Starting last summer I worked on a short project that set out to estimate the potential costs of externalities due to unconventional shale gas production in the Marcellus shale on local house prices using a dataset of roughly 150,000 recently sold houses in Ohio, West Virginia and Pennsylvania.
The data suggests that proximity to a natural gas well is correlated with lower housing prices, which confirms previous studies.
I stopped working on a project that looks at the impact of nearby shale gas extraction on property prices for the Marcellus shale. Instead, I focused on my paper “Fracking Growth” that evaluates the employment consequences of the shale oil and gas boom in the US more generally.
Everybody can have a look at the data and the document as it stands on sharelatex, where I also tried Sharelatex’s Knitr capacities, which are still somewhat limited as a lot of R-packages I usually work with are not yet installed.
The public sharelatex file, the data and the R script can be accessed here:
https://www.sharelatex.com/project/534d232b32ed2b25466b2541?r=6f73efc4&rs=ps&rm=d
Here are some preliminary snippets. The data used in this study comes from Zillow.com In Fall 2013 I downloaded data for recently sold houses. I focused the download to cover all or most of the counties that are somewhat near the Marcellus shale in West Virginia, Ohio and Pennsylvania. This list goes back to 2011 and provides data for 151,156 sold properties.
load(file = "HOUSES.rdata") library(xtable) table(HOUSES$year) #### 2011 2012 2013 #### 40087 63248 47821
A simple tabulation suggests that most data is for 2012.
Some characteristics that are included in the data are the sale price in USD, the number of bedrooms, number of bathrooms, the built up land size in square feet, the year the property was built and for some properties also the lot size.
The properties have geo-coordinates, which are used to intersect the location of the property with census-tract shapefiles. This will allow the adding of further characteristics at the census-tract level to control for general local characteristics.
The geo-coordinates are further used to compute the exact distance of a property to the nearest actual or permitted well in the year that the property was sold. Distances are computed in meters by computing the Haversine distance on a globe with radius r = 6378137 meters.
The following graph plots the average price per square foot as a function of distance to the nearest well in the year in which the property was sold. I group distances into 500 meter bins.
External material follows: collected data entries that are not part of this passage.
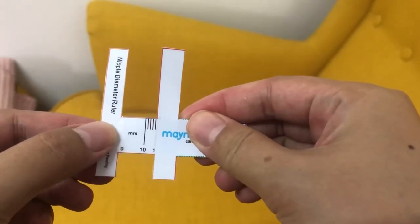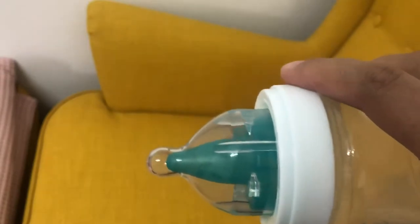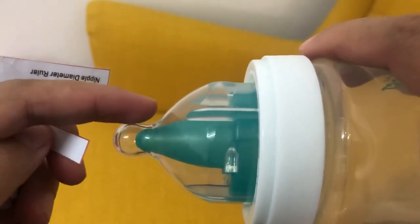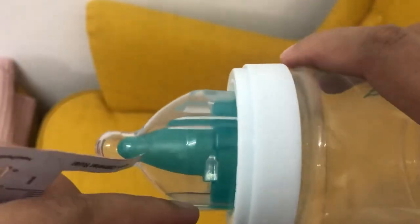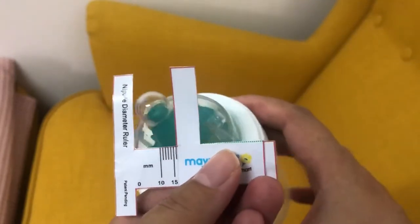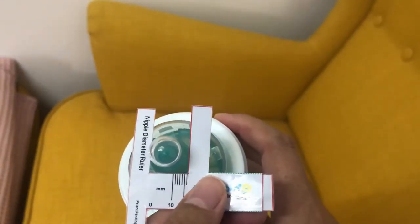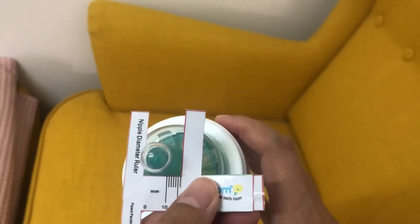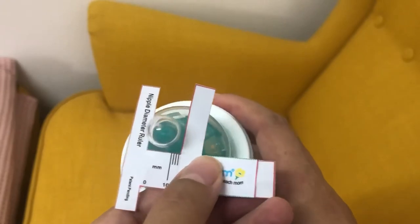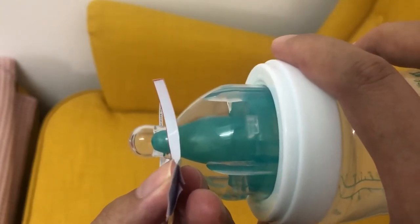I'm going to demonstrate how to use this by using a bottle — because a bottle is basically an artificial nipple and breast. So imagine this is your nipple and this is your areola and your breast. What you need to do with the nipple ruler is insert your nipple in between the nipple ruler and actually measure it. You should get to the diameter of your nipple just above your areola to know your nipple size.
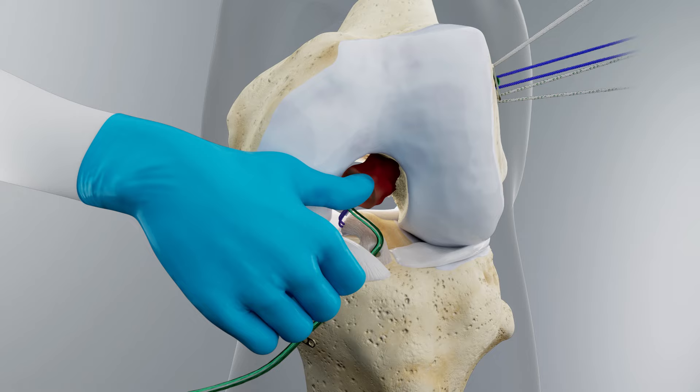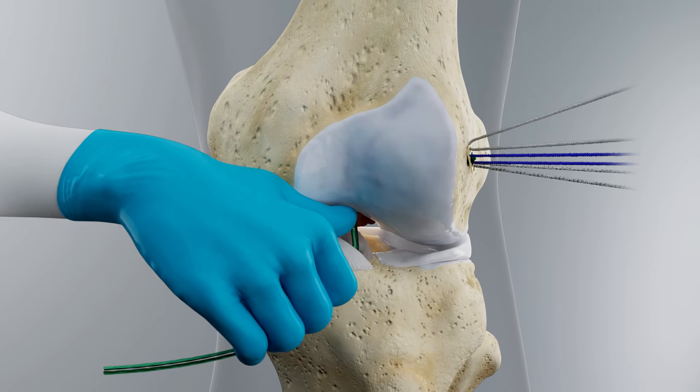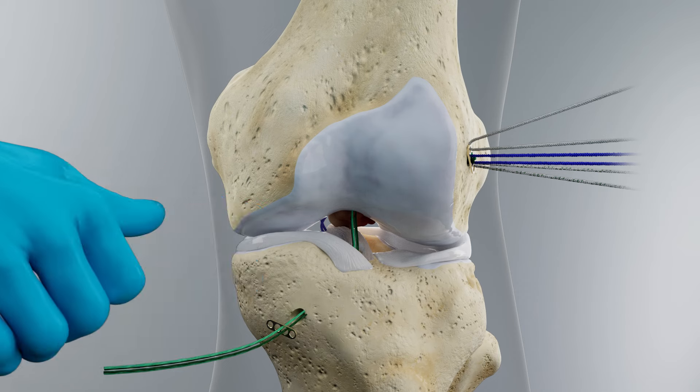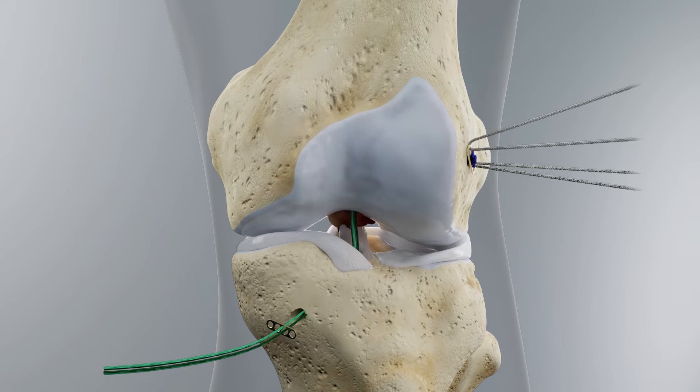Pull tension on the cinch sutures exiting the distal end of the implant and slide the implant along the taut sutures into the notch. If needed, add a small amount of remaining blood to the distal end of the implant so that it is fully saturated. While holding the bare implant in the notch with a thumb, pull the cinch sutures exiting the tibial tunnel and bring the knee into full extension. Place the leg on the table to keep the knee in full extension. Pull the stump sutures exiting the lateral femoral tunnel, dunking the tibial stump into the notch and blood-soaked bare implant.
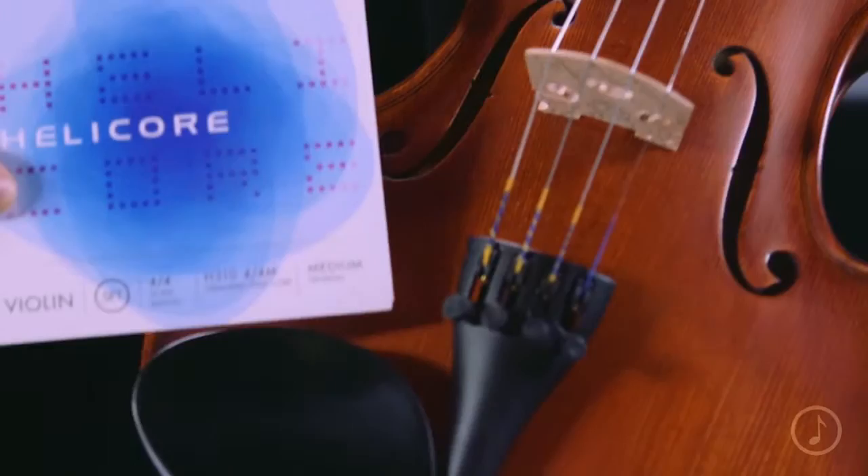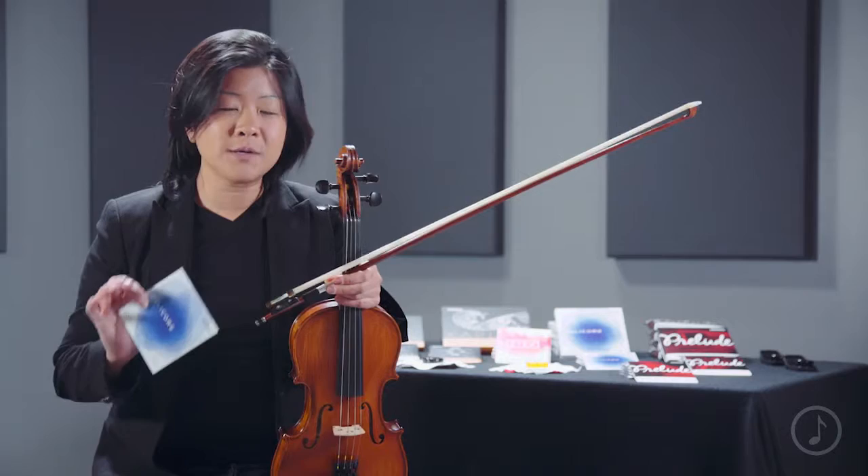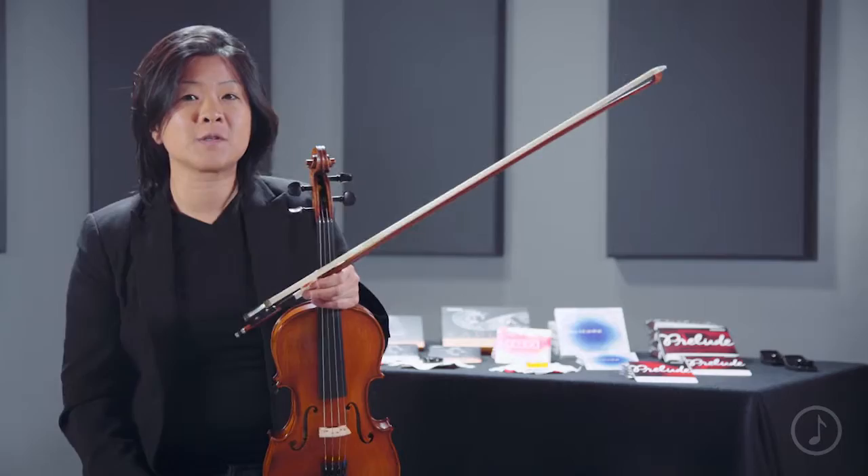I personally love the Helicore because I find it very versatile. I can use it on a whole bunch of different types of playing styles, from classical to bluegrass, rock, jazz, all different types. And I also use it on my electric instruments. I find that the really quick bow response and the really quick settling time are great in a variety of different playing situations.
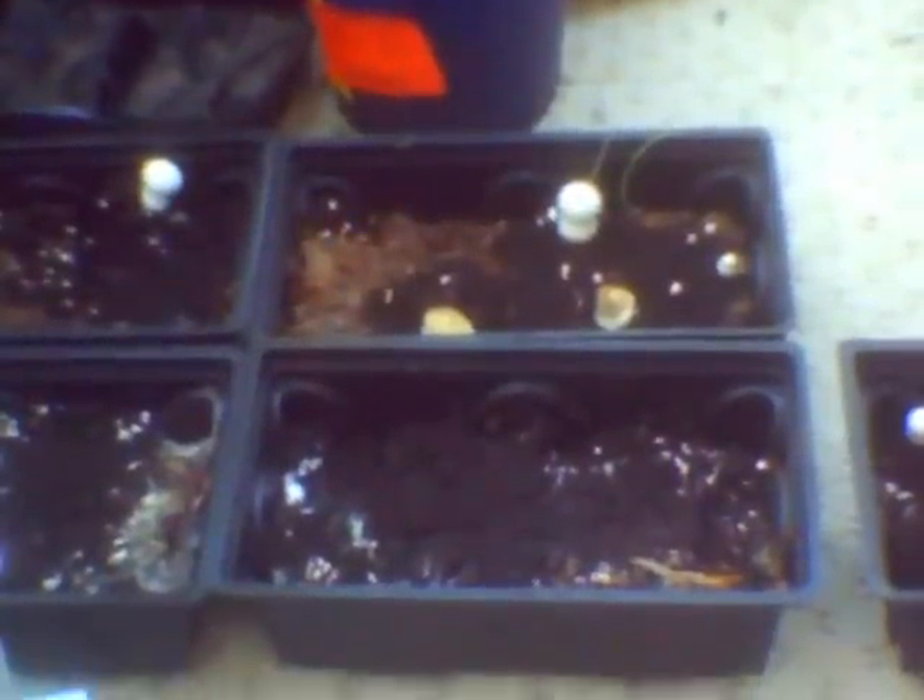Another thing I've started doing is, rather than spraying them with cold water, I've now started spraying them with warm water. But the weather has warmed up a lot as well, so maybe there's no need for that.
plot(HOUSES[, list(soldprice =sum(soldprice)/sum(sqft)), by=distancecat ], xlab="Distance to Well", ylab="Price per sqft")
A first inspection suggests a positive gradient in distance, that is – however, quite non-monotone.
Does this relationship hold up when running a hedonic pricing regression?
[math]log(y_{ict}) = \gamma \times welldistance_{i} + \beta \times X_i + a_c + \eta_t + e_{ict}[/math]
These are estimated using the lfe package, as I introduce quite demanding fixed effects (census-tract and county by year). The lfe package takes these fixed effects out iteratively before running the actual regression on the demeaned data.
The results for two chosen bandwidths are presented in the table below. There appears to be a positive gradient – being further away from a well correlates with higher prices per square foot.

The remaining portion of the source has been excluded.